You have to be careful when you say "anova() function," as even in R that can have different meanings depending on the type of model and package.
For your evaluation of the single B:C interaction coefficient, analysis of deviance would best be a nested comparison of the first model you show, including that interaction term, against the second one with the same coefficients but with the B:C interaction omitted. You then evaluate the p-value against your pre-specified $\alpha$ cutoff.
According to the help page for anova.glm(), if you instead specify a single model then you get a sequential term-by-term analysis. That might lead to different apparent "significance" results if you change the order of predictors in the model.
The second part of the question is harder.

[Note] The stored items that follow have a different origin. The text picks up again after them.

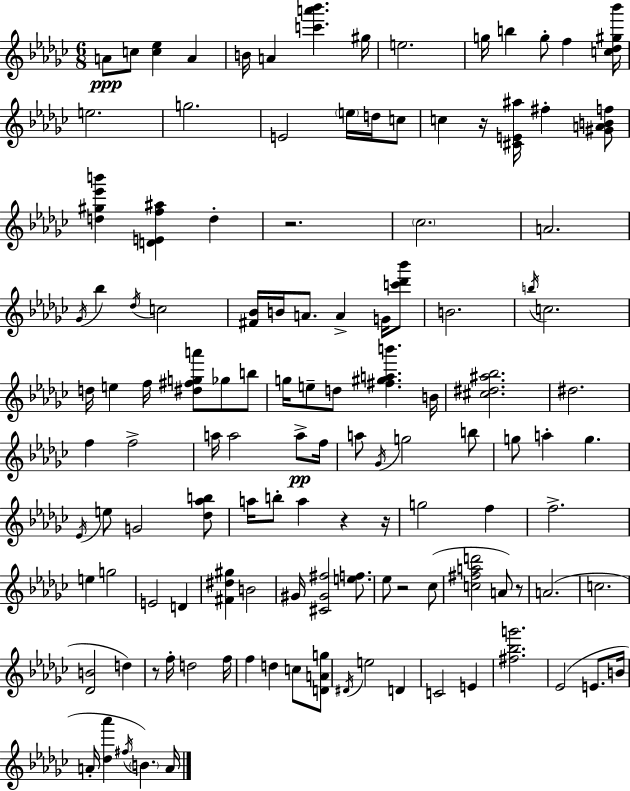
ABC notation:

X:1
T:Untitled
M:6/8
L:1/4
K:Ebm
A/2 c/2 [c_e] A B/4 A [c'a'_b'] ^g/4 e2 g/4 b g/2 f [c_d^g_b']/4 e2 g2 E2 e/4 d/4 c/2 c z/4 [^CE^a]/4 ^f [^GABf]/2 [d^g_e'b'] [DEf^a] d z2 _c2 A2 _G/4 _b _d/4 c2 [^F_B]/4 B/4 A/2 A G/4 [c'_d'_b']/2 B2 b/4 c2 d/4 e f/4 [^d^fga']/2 _g/2 b/2 g/4 e/2 d/2 [^f^gab'] B/4 [^c^d^a_b]2 ^d2 f f2 a/4 a2 a/2 f/4 a/2 _G/4 g2 b/2 g/2 a g _E/4 e/2 G2 [_d_ab]/2 a/4 b/2 a z z/4 g2 f f2 e g2 E2 D [^F^d^g] B2 ^G/4 [^C^G^f]2 [ef]/2 _e/2 z2 _c/2 [c^fad']2 A/2 z/2 A2 c2 [_DB]2 d z/2 f/4 d2 f/4 f d c/2 [DAg]/2 ^D/4 e2 D C2 E [^f_bg']2 _E2 E/2 B/4 A/4 [_d_a'] ^f/4 B A/4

You can compare different models with respect to goodness of fit, adjusted for the number of predictors in the model. In your example, the nested anova() just described can tell you whether adding the B:C interaction improves the last model in a way that justifies including that interaction. The p-value serves that purpose "at significance level $\alpha$."
If models being compared don't involve nested sets of predictors you can't use anova() for comparisons. Some suggest using measures like the Akaike Information Criterion in that case, but that's not universally accepted and there isn't a "significance level" for that.
A general goodness-of-fit test is to evaluate how well the modeling process works on multiple bootstrapped samples of the data. Again, though, there's no "significance level" for that. You have to gauge, based on your understanding of the subject matter, whether the model is good enough for your purposes.